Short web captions
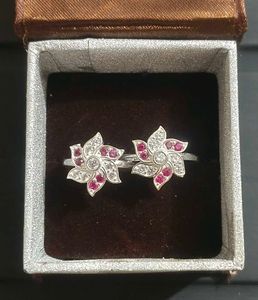 pure silver toe rings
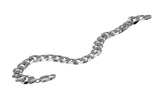 Silvery Classic - Estate Italian Sterling Silver Heavy Curb Link Bracelet (EB037)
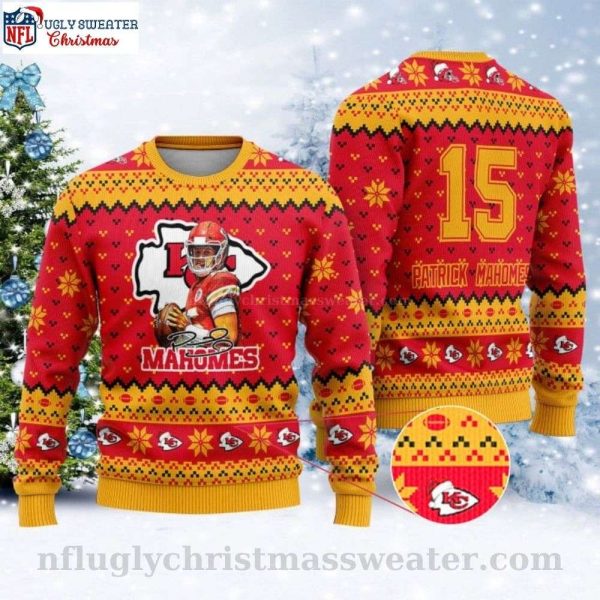 Patrick Mahomes Custom Name And Number Kc Chiefs Ugly Christmas Sweater
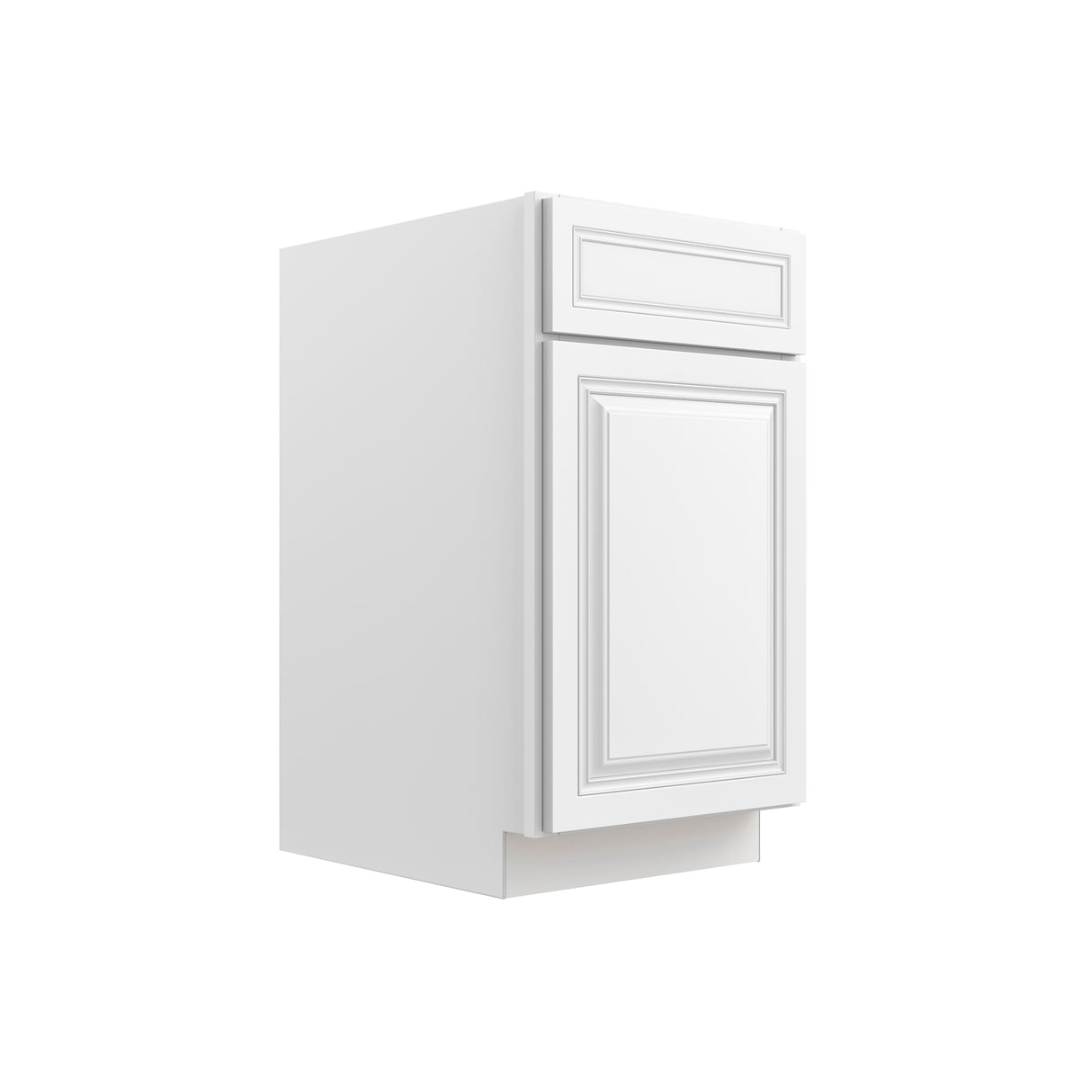 Park Avenue White - Single Door Base Cabinet | 18"W x 34.5"H x 24"D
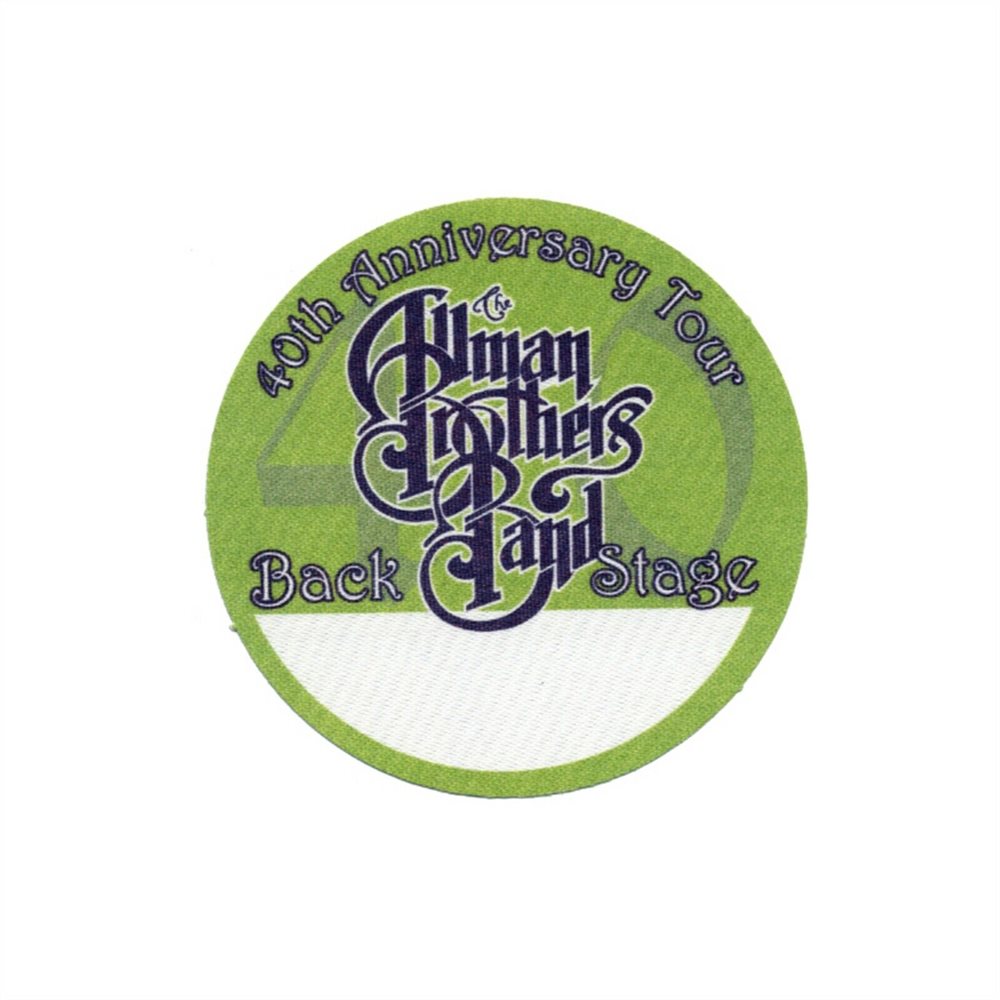 Allman Brothers 2009 40th Anniversary concert tour VIP
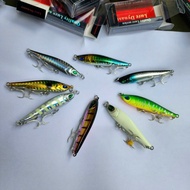 Plastic fish specializing in sea bass, barracuda, sea milkfish 6.5cm long, weight 11g Bk blade No. 6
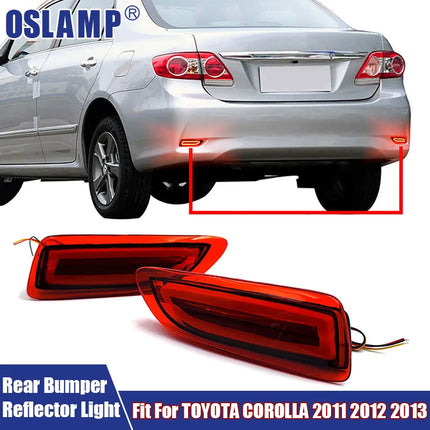2Pcs/Pair LED Car Lights Rear Bumper Reflector Light Car Accessories LED Brake Signal Lamp Fit For TOYOTA COROLLA 2011 2012 2013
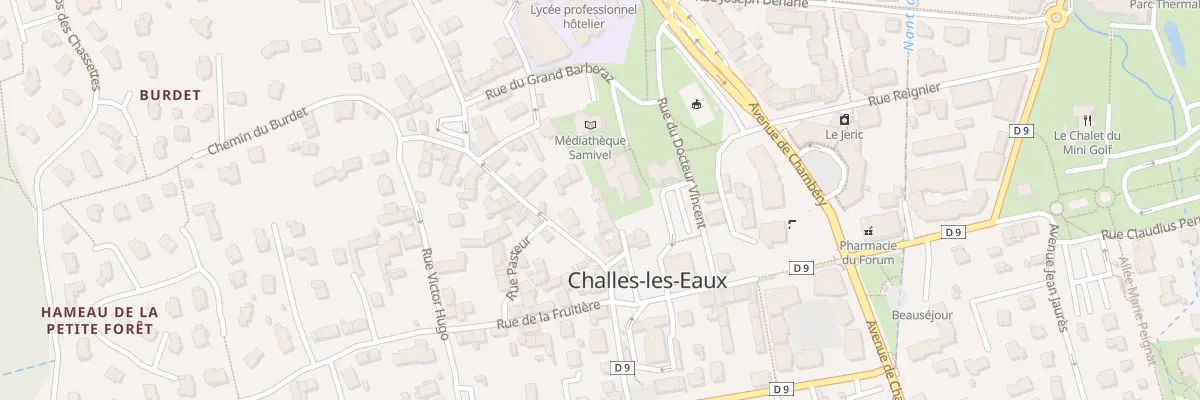 Plan du 48 Rue de l’Ancienne Mairie à Challes-les-Eaux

[Requirement]:
Pictures must be left out of the answer, which should be exactly the lines from the one holding "Patrick Mahomes Custom" through the last line of the entries above, both included; please add nothing.

[Task solution]:
 Patrick Mahomes Custom Name And Number Kc Chiefs Ugly Christmas Sweater
 Park Avenue White - Single Door Base Cabinet | 18"W x 34.5"H x 24"D
 Allman Brothers 2009 40th Anniversary concert tour VIP
 Plastic fish specializing in sea bass, barracuda, sea milkfish 6.5cm long, weight 11g Bk blade No. 6
2Pcs/Pair LED Car Lights Rear Bumper Reflector Light Car Accessories LED Brake Signal Lamp Fit For TOYOTA COROLLA 2011 2012 2013
 Plan du 48 Rue de l’Ancienne Mairie à Challes-les-Eaux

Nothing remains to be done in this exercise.